# Problem requirements
Every entry is to be returned exactly as it stands; the pictures are to be dropped.

────

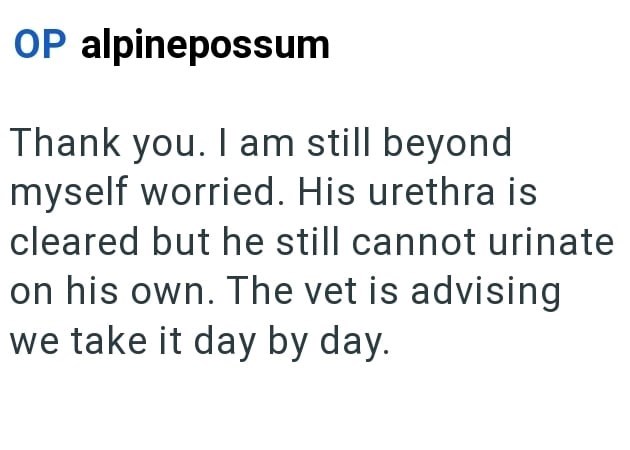OP alpinepossum Thank you. I am still beyond myself worried. His urethra is cleared but he still cannot urinate on his own. The vet is advising we take it day by day.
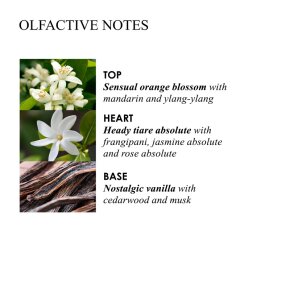 Molton Brown Flora Luminare Handlotion 300 ml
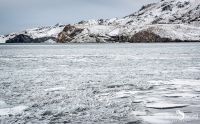 01 Reykavik und Umgebung 018
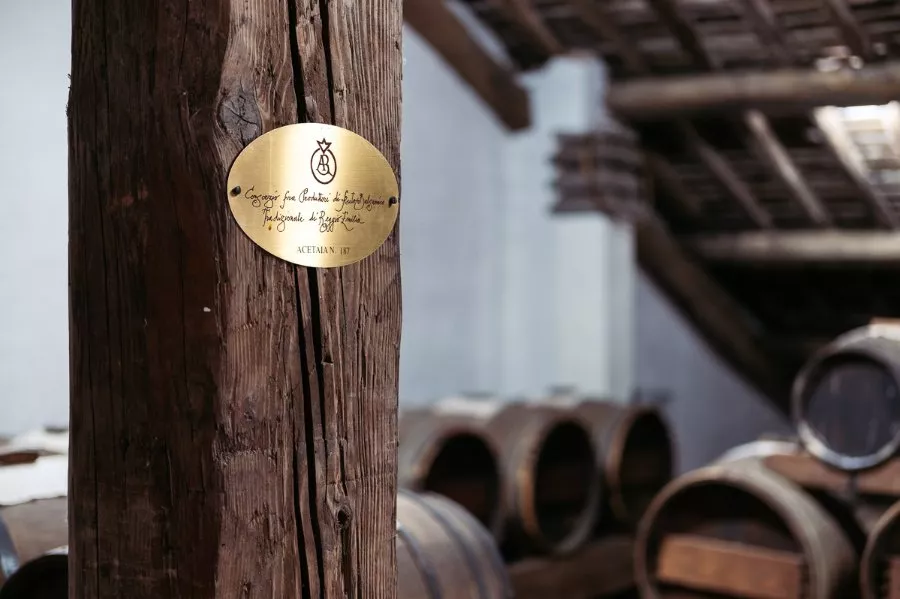Immagine Tours and tastings in the vineyard, winery and ancient vinegar cellar. 17 Immagine Tours and tastings in the vineyard, winery and ancient vinegar cellar. 17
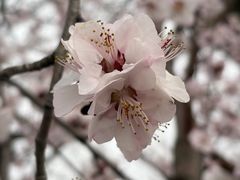 -潮汕三宝鲜牛肉火锅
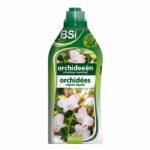 Liquid Fertilizer for Orchids - BSI - Stimulates flowering - With Trace Elements and Chelates - 800 ml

────

# Response box
OP alpinepossum Thank you. I am still beyond myself worried. His urethra is cleared but he still cannot urinate on his own. The vet is advising we take it day by day.
 Molton Brown Flora Luminare Handlotion 300 ml
 01 Reykavik und Umgebung 018
Immagine Tours and tastings in the vineyard, winery and ancient vinegar cellar. 17 Immagine Tours and tastings in the vineyard, winery and ancient vinegar cellar. 17
 -潮汕三宝鲜牛肉火锅
 Liquid Fertilizer for Orchids - BSI - Stimulates flowering - With Trace Elements and Chelates - 800 ml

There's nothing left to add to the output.